На окраине меня встретил пожилой жрец. Он быстро и внимательно заглянул мне в лицо и произнес какие-то слова. Я не понимал и не мог ему ответить. Он привел меня в храм, где служил, и в течение трех лет скрывал меня от всех глаз в тайниках святилища. По прошествии этого времени жрец приказал мне отвести его в каменную пещеру и показать гроб, в котором я открыл глаза. Гроб, сказал он, принадлежал городскому магарадже, умершему за год до моего пробуждения. Магараджа скончался в глубокой старости; говорили, что он обрел всю сумму человеческой мудрости. Его подданные, следуя четко выраженному указанию покойного, не сожгли тело, но положили его в саркофаг в том месте, где, насколько я помню, во мне впервые зародилась сознательная жизнь. Мой наставник Аджиба, брамин-гуру, объявил меня сыном умершего раджи, которого он до тех пор скрывал. Слова его никто не подверг сомнению, ибо это показалось бы безумным олицетворением неверия — ведь я был живым подобием умершего! Настал день, когда под радостные восклицания народа я взошел на трон во дворце и стал владыкой Лованы.

В числе первых вещей, которые я узнал, было то, что все мои предки славились и почитались при жизни в качестве людей, достигших святого спокойствия йоуга[36]; что, согласно старинным хроникам, все они без исключения оставляли заботы дурбара (или государства) своим министрам, чтобы во внутреннем дворце предаваться исканиям глубин мудрости. И во мне проявилось то же стихийное и неудержимое стремление. Я сделался своего рода йати[37], решив, что буду преумножать свои знания и познавать природу вещей, дабы обрести понимание высшей тайны. Годы бежали быстро. Я изучил множество языков, узнал мудрость эллинов, зооморфизм египтян, высоту пирамид Хуфу и Шафры[38]. В напряженных размышлениях проходили мои серые дни. Я прочитал в иудейском свитке историю Мелхиседека, царя Салимского, священника Бога Всевышнего, не ведавшего ни отца, ни матери, ни начала своих дней, ни их конца.
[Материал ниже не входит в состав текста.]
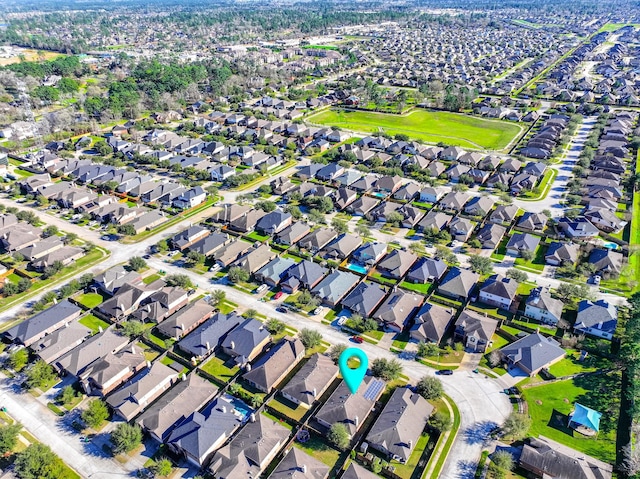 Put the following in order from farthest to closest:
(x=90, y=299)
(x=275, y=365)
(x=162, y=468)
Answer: (x=90, y=299)
(x=275, y=365)
(x=162, y=468)

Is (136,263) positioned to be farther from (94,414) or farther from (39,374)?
(94,414)

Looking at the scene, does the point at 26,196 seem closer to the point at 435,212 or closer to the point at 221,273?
the point at 221,273

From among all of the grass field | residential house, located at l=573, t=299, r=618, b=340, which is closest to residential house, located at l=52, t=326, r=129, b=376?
residential house, located at l=573, t=299, r=618, b=340

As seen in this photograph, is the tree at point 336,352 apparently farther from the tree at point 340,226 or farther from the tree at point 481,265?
the tree at point 340,226

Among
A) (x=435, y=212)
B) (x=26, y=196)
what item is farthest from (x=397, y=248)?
(x=26, y=196)

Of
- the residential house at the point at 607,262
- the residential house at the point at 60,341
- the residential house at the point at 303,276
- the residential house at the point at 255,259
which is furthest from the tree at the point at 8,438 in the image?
the residential house at the point at 607,262

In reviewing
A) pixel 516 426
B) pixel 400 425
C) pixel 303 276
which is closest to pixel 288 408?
pixel 400 425
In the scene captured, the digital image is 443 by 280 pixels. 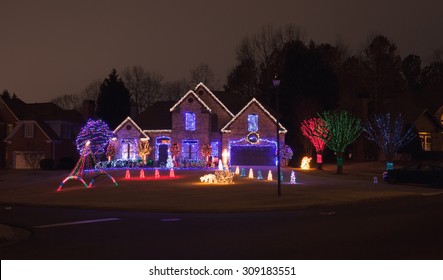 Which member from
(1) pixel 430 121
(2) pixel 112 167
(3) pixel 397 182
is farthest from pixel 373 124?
(2) pixel 112 167

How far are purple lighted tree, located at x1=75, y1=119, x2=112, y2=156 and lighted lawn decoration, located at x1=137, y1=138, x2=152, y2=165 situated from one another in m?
12.4

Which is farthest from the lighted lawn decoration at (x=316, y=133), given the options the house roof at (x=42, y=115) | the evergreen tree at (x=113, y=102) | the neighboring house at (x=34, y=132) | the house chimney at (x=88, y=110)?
the evergreen tree at (x=113, y=102)

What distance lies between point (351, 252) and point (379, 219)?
19.6 ft

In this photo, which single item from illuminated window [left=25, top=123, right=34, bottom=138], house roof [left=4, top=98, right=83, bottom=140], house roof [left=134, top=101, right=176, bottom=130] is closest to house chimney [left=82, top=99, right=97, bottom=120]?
house roof [left=4, top=98, right=83, bottom=140]

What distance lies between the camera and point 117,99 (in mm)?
77125

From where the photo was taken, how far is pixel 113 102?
7662 centimetres

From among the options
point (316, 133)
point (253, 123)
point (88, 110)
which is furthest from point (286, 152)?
point (88, 110)

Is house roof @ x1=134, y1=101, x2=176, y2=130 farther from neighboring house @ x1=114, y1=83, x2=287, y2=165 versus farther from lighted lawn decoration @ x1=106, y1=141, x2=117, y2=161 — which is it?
lighted lawn decoration @ x1=106, y1=141, x2=117, y2=161

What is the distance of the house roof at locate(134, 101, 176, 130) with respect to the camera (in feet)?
180

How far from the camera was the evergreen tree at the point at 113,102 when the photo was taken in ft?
249

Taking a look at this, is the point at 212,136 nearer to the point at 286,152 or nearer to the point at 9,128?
the point at 286,152

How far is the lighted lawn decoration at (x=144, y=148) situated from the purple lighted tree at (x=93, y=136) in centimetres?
1245

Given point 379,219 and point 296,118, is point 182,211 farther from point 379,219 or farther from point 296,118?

Я узнал, как Буддха, плод моего родословного древа, был самым чудесным образом рожден своей матерью Майей. Волнующие тайны мира приводили меня в содрогание; язык мой трепетал, глаза закатывались и экстаз сменялся экстазом. Я проследил тщеславие и величие человека до их потаенной сердцевины. Я искал смысл религий: откуда они приходят, куда уходят?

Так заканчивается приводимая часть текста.